From Documents to Vectors

Raw documents are too large for AI to process directly. A 2,000-word call transcript can't fit into a search query's context window, and comparing whole documents is computationally expensive. The encoding pipeline solves both problems:

  • Chunk documents into smaller, meaningful pieces
  • Embed each chunk as a numerical vector
  • Store vectors in a database optimized for similarity search
  • Key Concepts

    Chunking Strategies

    Chunking is the art of splitting documents into pieces that are small enough to be useful but large enough to retain meaning.

    Fixed-size chunking — Split every N tokens (e.g., 512) with overlap (e.g., 50 tokens). Simple, predictable, works for most content. The overlap ensures you don't lose meaning at chunk boundaries.

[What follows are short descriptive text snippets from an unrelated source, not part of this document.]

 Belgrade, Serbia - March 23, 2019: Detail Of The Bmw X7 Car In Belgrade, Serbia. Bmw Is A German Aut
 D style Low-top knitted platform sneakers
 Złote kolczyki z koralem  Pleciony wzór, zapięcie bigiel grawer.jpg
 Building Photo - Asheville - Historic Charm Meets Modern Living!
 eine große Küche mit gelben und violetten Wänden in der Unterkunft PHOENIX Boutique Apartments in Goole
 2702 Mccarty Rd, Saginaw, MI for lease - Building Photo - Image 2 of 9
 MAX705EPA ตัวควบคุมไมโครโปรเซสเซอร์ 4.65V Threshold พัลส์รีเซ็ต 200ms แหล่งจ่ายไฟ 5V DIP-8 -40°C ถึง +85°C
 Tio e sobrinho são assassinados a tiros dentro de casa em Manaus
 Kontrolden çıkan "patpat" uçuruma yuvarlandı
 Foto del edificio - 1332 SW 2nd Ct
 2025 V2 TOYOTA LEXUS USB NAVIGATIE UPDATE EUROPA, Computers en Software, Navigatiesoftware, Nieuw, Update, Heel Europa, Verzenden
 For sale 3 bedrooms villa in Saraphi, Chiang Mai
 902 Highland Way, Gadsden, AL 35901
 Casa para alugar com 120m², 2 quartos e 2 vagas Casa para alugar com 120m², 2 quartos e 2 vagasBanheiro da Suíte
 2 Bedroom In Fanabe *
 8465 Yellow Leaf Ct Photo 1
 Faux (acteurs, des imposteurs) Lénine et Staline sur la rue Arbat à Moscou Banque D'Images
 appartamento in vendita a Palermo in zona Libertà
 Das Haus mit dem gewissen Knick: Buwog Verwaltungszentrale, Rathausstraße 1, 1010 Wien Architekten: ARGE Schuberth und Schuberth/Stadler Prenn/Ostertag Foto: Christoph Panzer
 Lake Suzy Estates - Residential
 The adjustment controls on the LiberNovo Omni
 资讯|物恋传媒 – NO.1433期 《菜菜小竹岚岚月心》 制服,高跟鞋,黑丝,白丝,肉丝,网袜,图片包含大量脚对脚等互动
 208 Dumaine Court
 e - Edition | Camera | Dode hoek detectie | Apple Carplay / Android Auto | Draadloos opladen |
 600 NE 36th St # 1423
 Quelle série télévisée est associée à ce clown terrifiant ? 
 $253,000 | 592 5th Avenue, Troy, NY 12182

    Document-aware chunking — Split on natural boundaries: section headers, paragraph breaks, speaker turns in transcripts. Produces chunks of varying size but preserves semantic coherence.

    The right strategy depends on your data. CRM records are already small — one per document. Call transcripts benefit from speaker-turn splitting. Product docs split well on headers.

    Embeddings

    An embedding is a numerical representation of text — typically a vector of 768 to 1536 floating-point numbers. Texts with similar meaning produce vectors that are close together in this high-dimensional space.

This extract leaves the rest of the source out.